After his due diligence, Kelley decided to go with BSB’s offering of Mitel phones and NVT Phybridge switches. With this solution in place, BVHS can fulfill its mission of delivering quality care to its patients. “NVT Phybridge was essential for our disaster recovery plan,” Kelley explains. “If we lose a certain portion of network connectivity, how do we maintain our telephones? NVT Phybridge fit the bill for that. We have designated all those phones in the hospital with a red handset cord so that employees know that if a network goes down, those phones are on a backup system that should be in good shape.”
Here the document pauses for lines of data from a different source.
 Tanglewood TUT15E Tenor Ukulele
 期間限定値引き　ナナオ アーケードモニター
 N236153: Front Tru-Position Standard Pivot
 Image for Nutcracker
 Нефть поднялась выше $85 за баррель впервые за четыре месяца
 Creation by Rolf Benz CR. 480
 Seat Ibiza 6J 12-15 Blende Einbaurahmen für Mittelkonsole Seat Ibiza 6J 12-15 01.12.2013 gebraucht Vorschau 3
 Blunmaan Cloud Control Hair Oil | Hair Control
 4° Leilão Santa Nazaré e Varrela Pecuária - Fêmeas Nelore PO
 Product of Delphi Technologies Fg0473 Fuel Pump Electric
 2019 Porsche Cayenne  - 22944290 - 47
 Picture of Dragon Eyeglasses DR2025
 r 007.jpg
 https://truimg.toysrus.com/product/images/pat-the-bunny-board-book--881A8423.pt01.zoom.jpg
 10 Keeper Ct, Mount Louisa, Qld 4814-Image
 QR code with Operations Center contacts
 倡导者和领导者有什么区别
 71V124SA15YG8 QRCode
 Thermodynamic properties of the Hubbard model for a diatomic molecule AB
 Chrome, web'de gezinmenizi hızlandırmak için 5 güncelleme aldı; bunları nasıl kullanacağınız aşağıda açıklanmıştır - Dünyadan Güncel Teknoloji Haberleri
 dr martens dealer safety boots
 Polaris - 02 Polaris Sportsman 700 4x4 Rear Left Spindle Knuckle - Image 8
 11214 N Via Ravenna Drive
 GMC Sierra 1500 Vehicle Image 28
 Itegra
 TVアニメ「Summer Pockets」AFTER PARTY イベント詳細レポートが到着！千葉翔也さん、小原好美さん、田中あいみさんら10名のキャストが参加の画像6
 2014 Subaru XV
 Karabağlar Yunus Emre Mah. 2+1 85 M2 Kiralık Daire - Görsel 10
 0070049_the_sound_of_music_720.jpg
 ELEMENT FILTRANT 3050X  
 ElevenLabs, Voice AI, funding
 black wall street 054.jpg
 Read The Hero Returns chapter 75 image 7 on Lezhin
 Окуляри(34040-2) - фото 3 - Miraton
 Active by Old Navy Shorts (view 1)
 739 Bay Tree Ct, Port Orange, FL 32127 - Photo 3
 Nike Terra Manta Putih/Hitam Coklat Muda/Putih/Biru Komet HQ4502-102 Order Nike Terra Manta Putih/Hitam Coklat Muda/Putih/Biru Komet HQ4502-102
The migration process took six months, a period Kelley says was “very reasonable” considering BVHS has hospitals that need to stay online 24/7. Work scheduled in certain areas has to be postponed from time to time because other things in the hospital were deemed more important. The migration was done floor-by-floor on a department-by-department basis. After finishing a section of the project, Kelley and his team reached out to end users to ensure they were comfortable with the product before moving on to the next department because they didn’t want to look back after getting one done. They didn’t. “When we began to deploy, it was pretty seamless,” Kelley says. “The departments were unaware.”

Result

Kelley says he’s delighted with the quality of service BVHS enjoys, thanks to its chosen solution. “I don’t have a lot of service issues,” Kelley explains. “I’ve maybe had a problem with 20 of the phones, and half of those were because of end-user issues like someone spilled a drink on one. The system just works. We’ve got failover in place that always keeps us alive.” The NVT Phybridge solution also resulted in substantial cost savings. Kelley estimates that NVT Phybridge’s switches cost about half of what Cisco offers. On average, the health system had to spend $3,500 to $4,000 on NVT Phybridge’s solutions, compared to $7,000 to $9,000 for Cisco. Installation was essentially “plug and play,” Kelley continues. The factory specs indicate the switches deliver power and Power over Ethernet 1,200 feet, but they reach further at some BVHS campuses. “I have some deployed well over 2,000 feet working just fine,” he says of a handful of phones still running Category 3 cables in out-of-the-way locations. Kelley says he was—and continues to be—very pleased with BSB’s professionalism. Employees at BVHS are also pleased with their new communications infrastructure. “The end-users are absolutely satisfied with it,” he says. “The solution provided a lot of flexibility for them regarding things they couldn’t do before. With the new features [like unified communications], you can do anything you want.”